Algorithms are much more than snippets of computer code. A computer follows algorithms created by a programmer, but algorithms show up in all facets of life. Creating an algorithm is the process of breaking a problem down into small steps in such a way as to always solve the problem, no matter what the input is. There are often many ways to solve a given problem. But some algorithms will prove more useful, more beautiful than others.
Consider my son, who is almost 3. A few months ago he was taken with the challenge of stacking blocks. But the blocks were different sizes, so only certain stacking orders would work, the biggest block had to go at the bottom and so on. Yet this constraint was not obvious to him, so his strategy was one of “brute force”. He would pick up a block and attempt to stack it. If it didn’t work, he would pick a different block. If he reached a point where there were no blocks he could stack, but still blocks that remained, he would start over with a new, randomly chosen block at the bottom.
He is enumerating through all permutations, sorting the blocks by largest to smallest by trying every combination until he finds the one that is correct. If he had 3 blocks we labeled with numbers (3 being the largest), he would have the following combinations to go through (assuming he never attempted the same combo twice, which he of course did).
These six choices are manageable with such a small data set. However, this kind of algorithm grows quickly untenable.
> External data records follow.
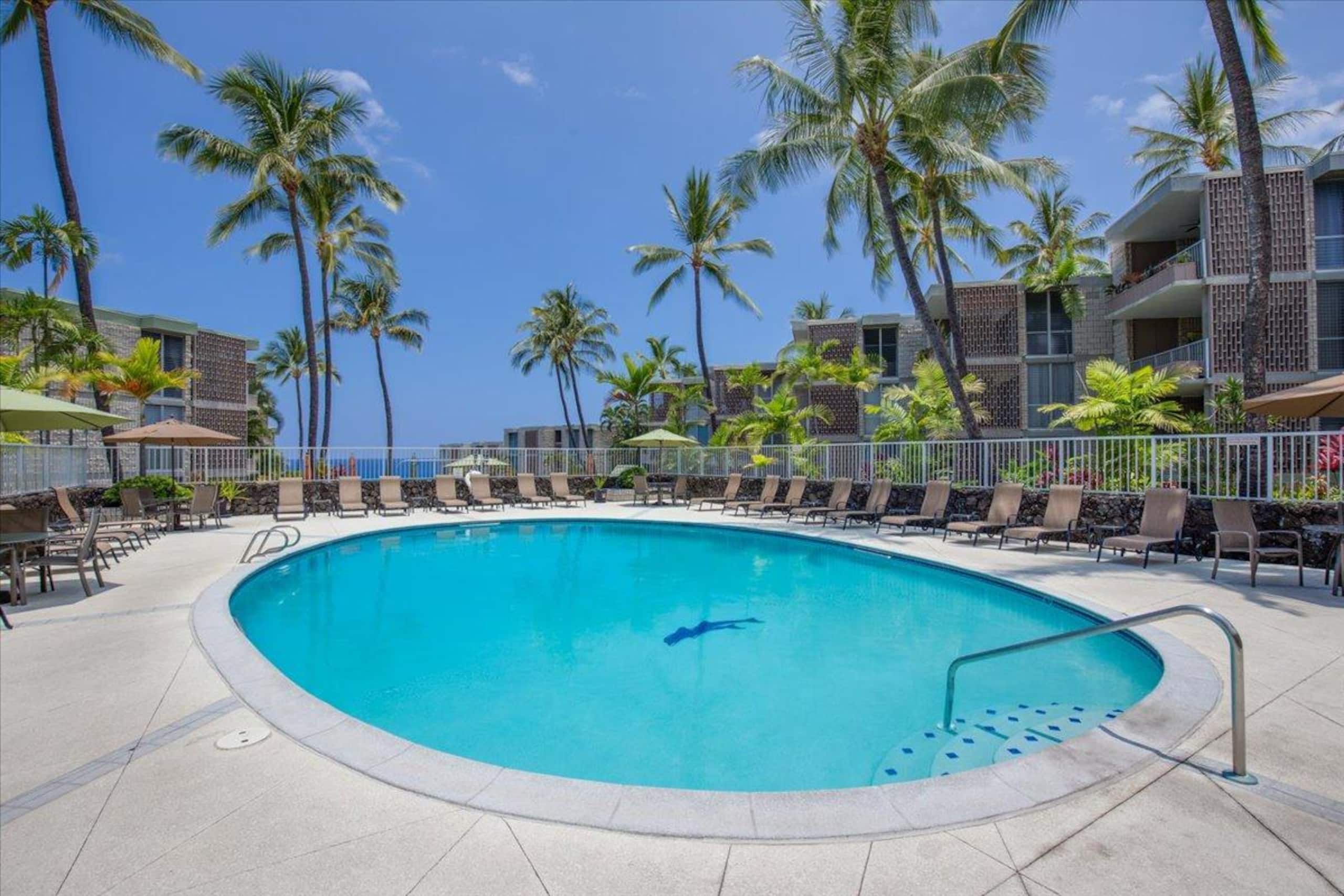 Condo in Kailua-Kona · ★4.57 · 2 bedrooms · 3 beds · 2 private baths - Image 24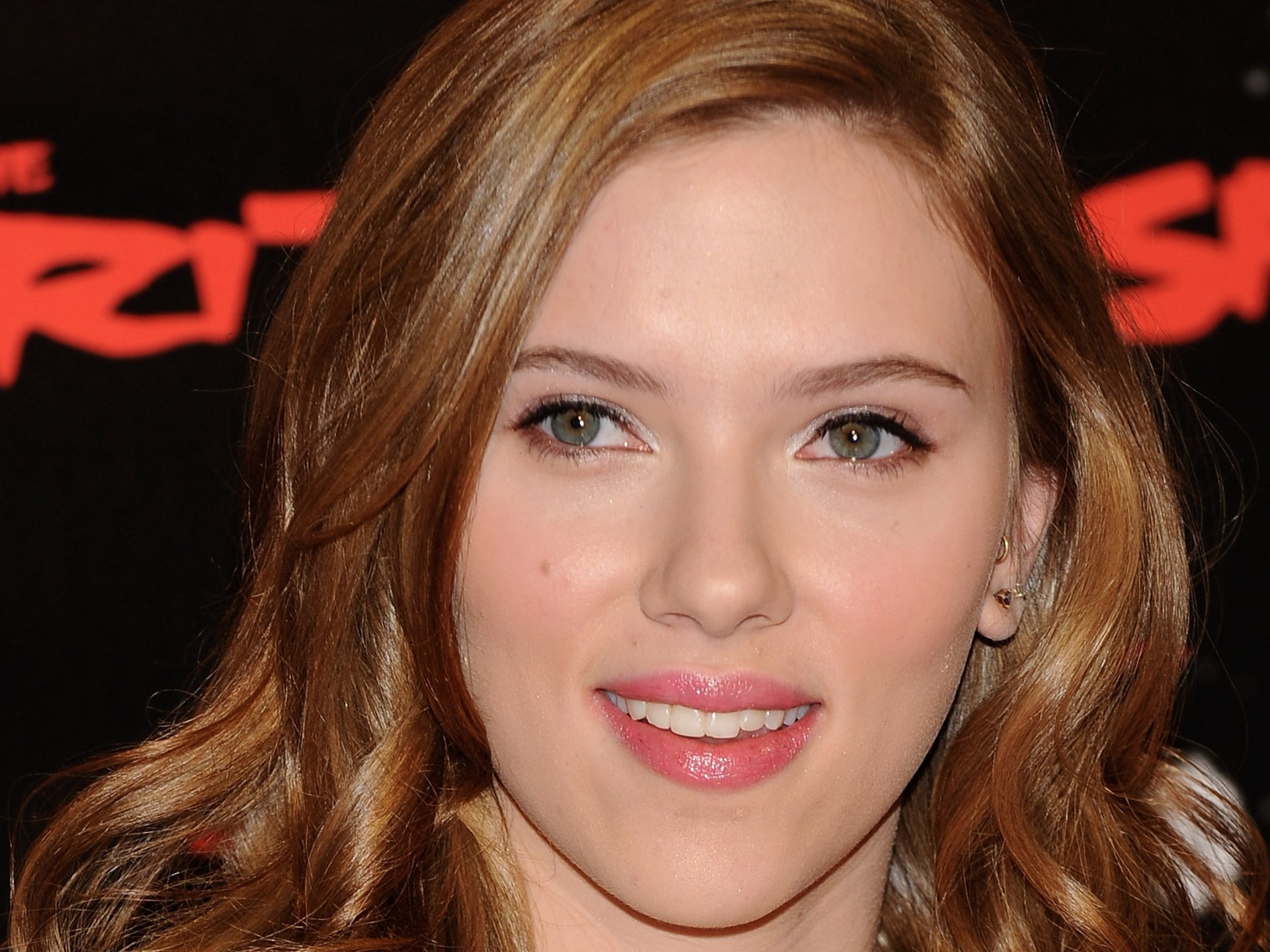 A high-definition desktop wallpaper featuring Scarlett Johansson, showcasing her striking features and captivating gaze against a vibrant background.
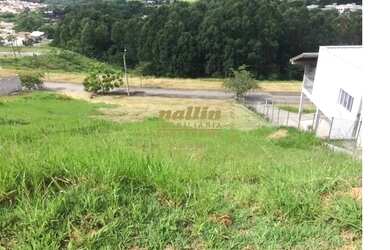 Imagem: O terreno possui 900m² de Área e está localizado em Parque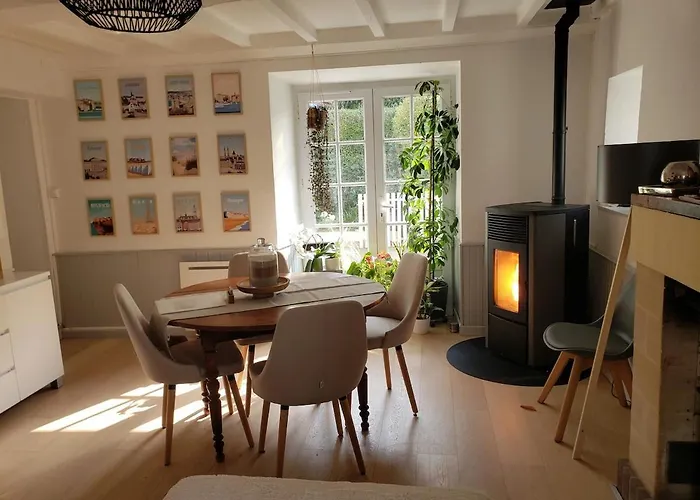 Maison De Charme Avec Terrasse *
If he had 10 blocks, for example, he would have 3,628,800 combinations to try before finding the correct one. If he had 100 blocks, he would have more combinations to try than there are atoms in the entire universe. The important consideration is that as the input grows in size, the number of operations required to solve the problem grows according to a mathematical function. In this case it is “n!” (the number you get by multiplying all numbers from 1 to n). This is the “order” of the algorithm, the overall efficiency, and this is quantifiable beauty, and this algorithm is rather homely.
If we added an extra step after the block tower was built (say, toppling the tower with a ruthless cackle), that step wouldn’t really matter when considering the overall efficiency. It would seem to change the order to “n! + 1”, but the 1 becomes increasingly insignificant as the input grows in size. With 3 blocks, it is 1/7 of the steps, but with 10, it is infinitesimal. So, such scalar values are dropped from the equation and we consider this algorithm to still have an order of “n!”.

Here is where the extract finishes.